Skip the pictures and write out, word for word, the lines below from the one with "Flower girl walking" through the one with "Złożona instalacja grzewcza", inclusive.

• _Data for the task_
▽

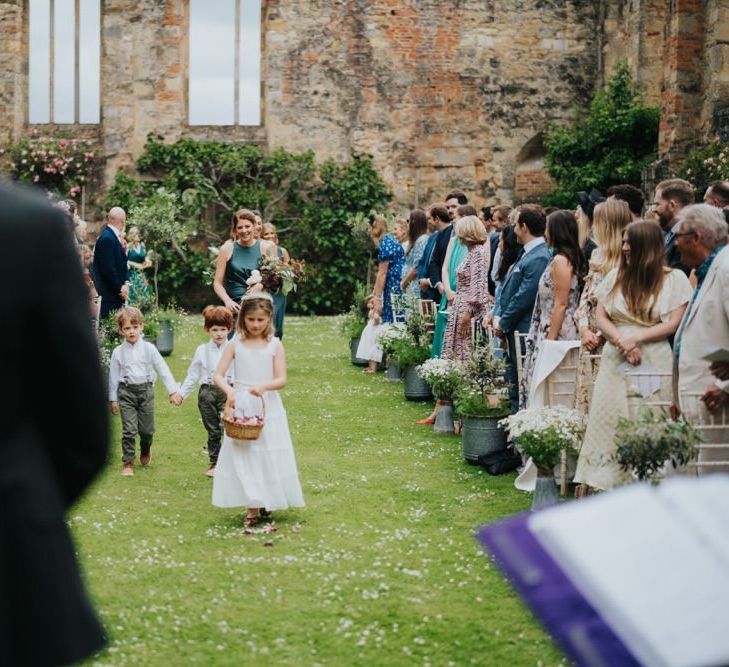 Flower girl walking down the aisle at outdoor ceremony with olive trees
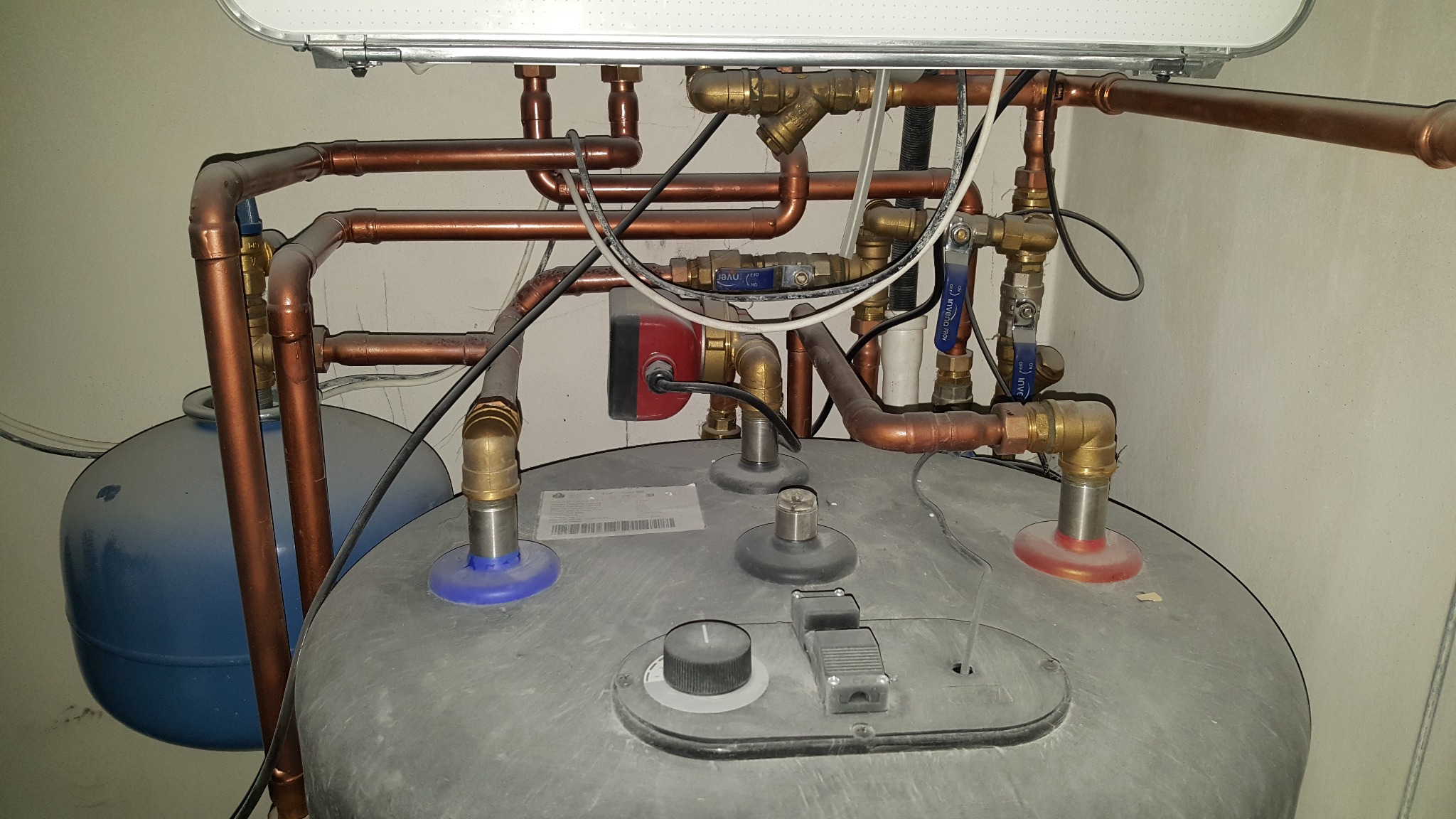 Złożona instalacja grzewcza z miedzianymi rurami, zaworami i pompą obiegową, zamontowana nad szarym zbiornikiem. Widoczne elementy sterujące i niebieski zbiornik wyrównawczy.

△
▽

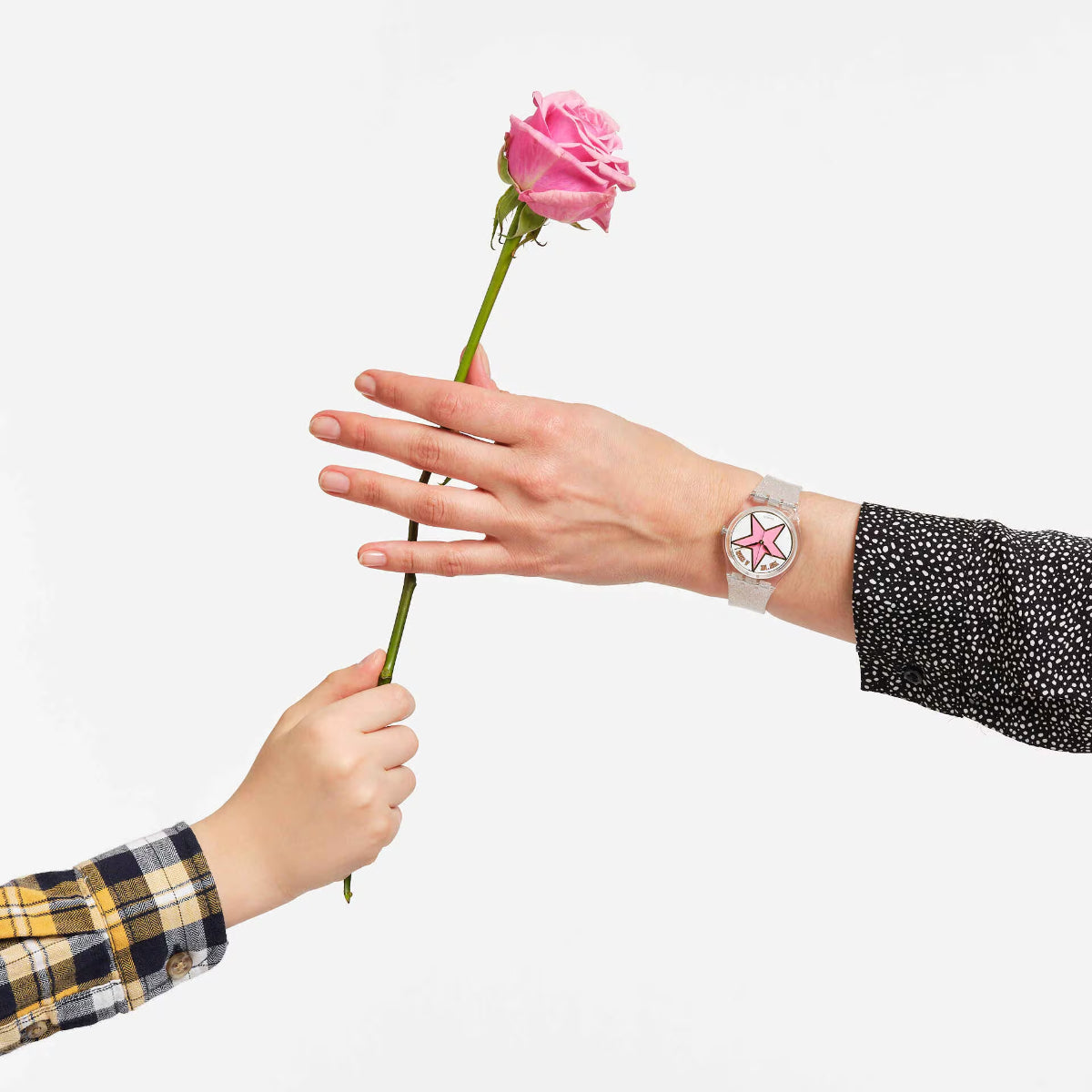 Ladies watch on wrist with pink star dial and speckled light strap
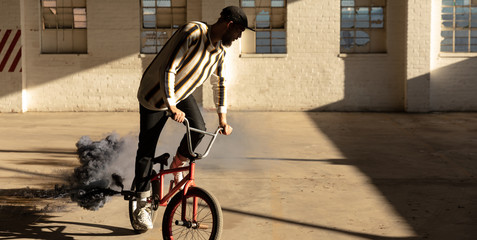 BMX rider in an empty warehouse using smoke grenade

△

• _The answer_
 Flower girl walking down the aisle at outdoor ceremony with olive trees
 Złożona instalacja grzewcza z miedzianymi rurami, zaworami i pompą obiegową, zamontowana nad szarym zbiornikiem. Widoczne elementy sterujące i niebieski zbiornik wyrównawczy.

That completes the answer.